Extracted material:
----------

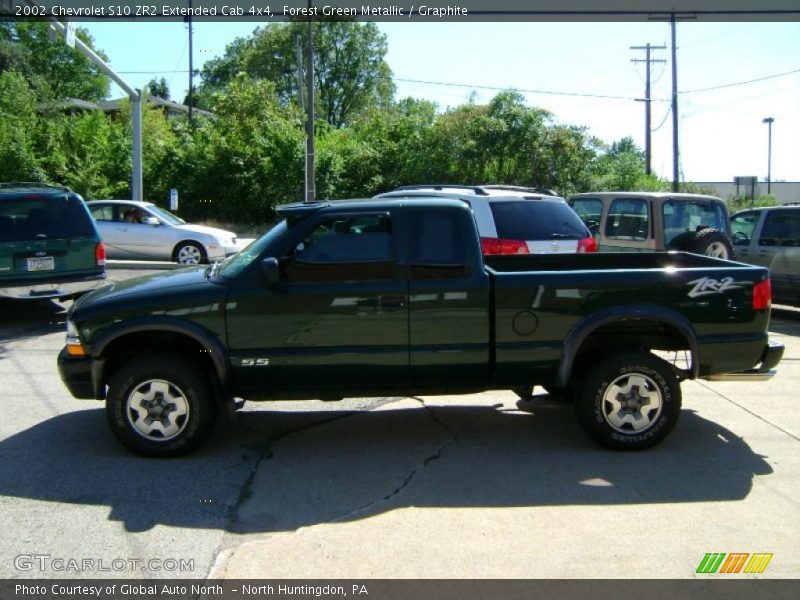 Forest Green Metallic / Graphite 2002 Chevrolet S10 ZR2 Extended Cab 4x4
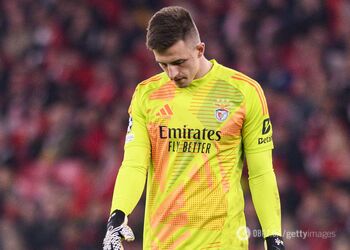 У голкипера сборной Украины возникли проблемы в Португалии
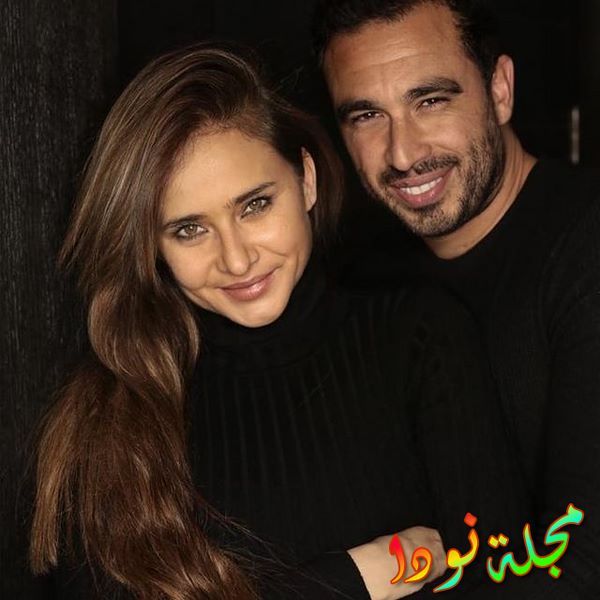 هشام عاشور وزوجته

----------

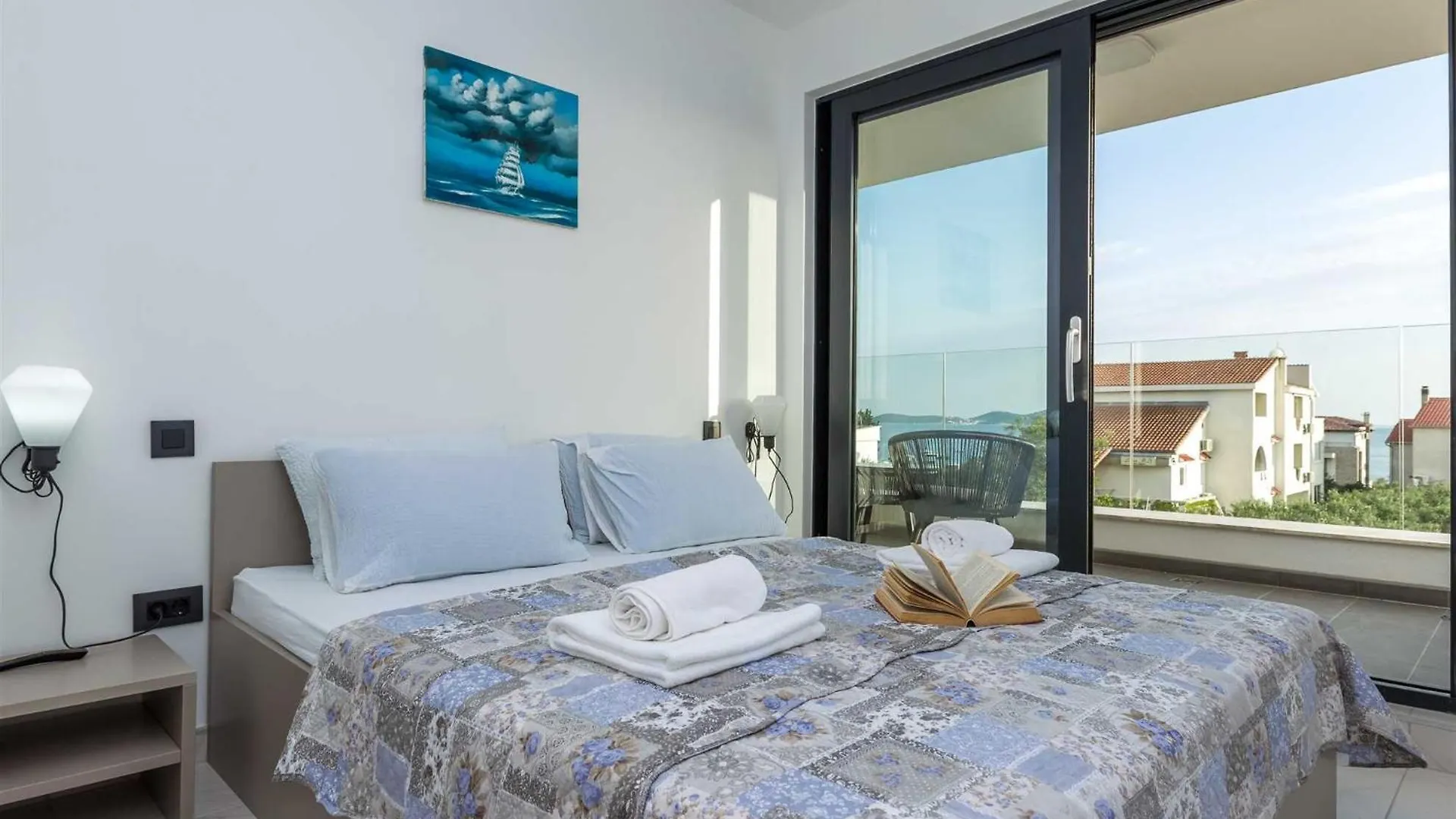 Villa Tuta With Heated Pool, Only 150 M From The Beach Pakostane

----------

About this exercise: Output exactly those lines of the data above that run from the line with "Forest Green Metallic" up to and including the line with "هشام عاشور وزوجته". No pictures go in.

Response box:
 Forest Green Metallic / Graphite 2002 Chevrolet S10 ZR2 Extended Cab 4x4
 У голкипера сборной Украины возникли проблемы в Португалии
 هشام عاشور وزوجته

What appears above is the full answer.